Short descriptive text snippets
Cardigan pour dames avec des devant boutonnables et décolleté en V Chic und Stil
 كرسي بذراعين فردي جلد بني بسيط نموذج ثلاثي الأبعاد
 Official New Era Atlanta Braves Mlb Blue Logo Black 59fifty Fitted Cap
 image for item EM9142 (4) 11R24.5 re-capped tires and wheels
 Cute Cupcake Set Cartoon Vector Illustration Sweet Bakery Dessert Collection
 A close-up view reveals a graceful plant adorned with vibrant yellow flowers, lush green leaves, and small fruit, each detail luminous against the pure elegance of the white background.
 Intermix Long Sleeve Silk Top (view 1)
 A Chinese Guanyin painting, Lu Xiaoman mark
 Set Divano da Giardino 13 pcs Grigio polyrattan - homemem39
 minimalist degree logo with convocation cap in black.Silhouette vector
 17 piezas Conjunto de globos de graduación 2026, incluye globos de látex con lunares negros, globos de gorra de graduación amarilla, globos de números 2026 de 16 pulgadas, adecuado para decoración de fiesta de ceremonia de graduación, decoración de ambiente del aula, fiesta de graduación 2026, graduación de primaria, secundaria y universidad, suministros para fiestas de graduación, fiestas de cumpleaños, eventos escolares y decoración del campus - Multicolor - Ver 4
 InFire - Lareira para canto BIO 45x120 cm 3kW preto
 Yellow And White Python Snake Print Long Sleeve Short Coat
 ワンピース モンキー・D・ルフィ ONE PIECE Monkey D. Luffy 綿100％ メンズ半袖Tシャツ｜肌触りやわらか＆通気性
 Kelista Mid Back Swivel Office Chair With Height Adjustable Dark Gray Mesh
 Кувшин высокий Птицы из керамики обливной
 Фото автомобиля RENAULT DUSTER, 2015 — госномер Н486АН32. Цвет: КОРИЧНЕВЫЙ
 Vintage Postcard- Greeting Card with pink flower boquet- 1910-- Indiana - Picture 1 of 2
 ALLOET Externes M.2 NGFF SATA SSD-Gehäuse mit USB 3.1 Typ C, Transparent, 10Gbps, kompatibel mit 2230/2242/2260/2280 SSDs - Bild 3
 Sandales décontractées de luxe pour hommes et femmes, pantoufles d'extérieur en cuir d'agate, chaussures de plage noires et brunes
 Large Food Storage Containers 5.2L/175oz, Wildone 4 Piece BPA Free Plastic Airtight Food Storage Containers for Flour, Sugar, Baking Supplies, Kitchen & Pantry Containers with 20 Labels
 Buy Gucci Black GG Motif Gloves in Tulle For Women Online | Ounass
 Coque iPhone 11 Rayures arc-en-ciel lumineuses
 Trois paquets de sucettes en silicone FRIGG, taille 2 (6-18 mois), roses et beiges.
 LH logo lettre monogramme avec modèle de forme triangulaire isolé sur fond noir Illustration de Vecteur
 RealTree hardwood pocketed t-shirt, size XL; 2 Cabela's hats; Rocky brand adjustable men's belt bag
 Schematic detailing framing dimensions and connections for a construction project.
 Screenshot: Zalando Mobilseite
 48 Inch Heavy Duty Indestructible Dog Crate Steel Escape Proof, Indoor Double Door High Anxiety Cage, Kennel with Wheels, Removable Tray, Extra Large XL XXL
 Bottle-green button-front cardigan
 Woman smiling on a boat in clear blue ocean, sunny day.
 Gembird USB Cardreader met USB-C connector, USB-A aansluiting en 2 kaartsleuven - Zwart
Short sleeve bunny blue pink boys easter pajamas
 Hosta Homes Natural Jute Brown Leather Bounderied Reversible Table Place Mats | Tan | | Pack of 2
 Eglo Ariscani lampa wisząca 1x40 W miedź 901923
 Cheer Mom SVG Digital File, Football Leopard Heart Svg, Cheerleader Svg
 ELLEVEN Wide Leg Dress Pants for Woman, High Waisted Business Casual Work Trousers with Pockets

■ Assigned task:
Could you transcribe the entries above word for word, from the line with "Kelista Mid Back" down to the line with "Vintage Postcard- Greeting", keeping both?

■ Response to the task:
 Kelista Mid Back Swivel Office Chair With Height Adjustable Dark Gray Mesh
 Кувшин высокий Птицы из керамики обливной
 Фото автомобиля RENAULT DUSTER, 2015 — госномер Н486АН32. Цвет: КОРИЧНЕВЫЙ
 Vintage Postcard- Greeting Card with pink flower boquet- 1910-- Indiana - Picture 1 of 2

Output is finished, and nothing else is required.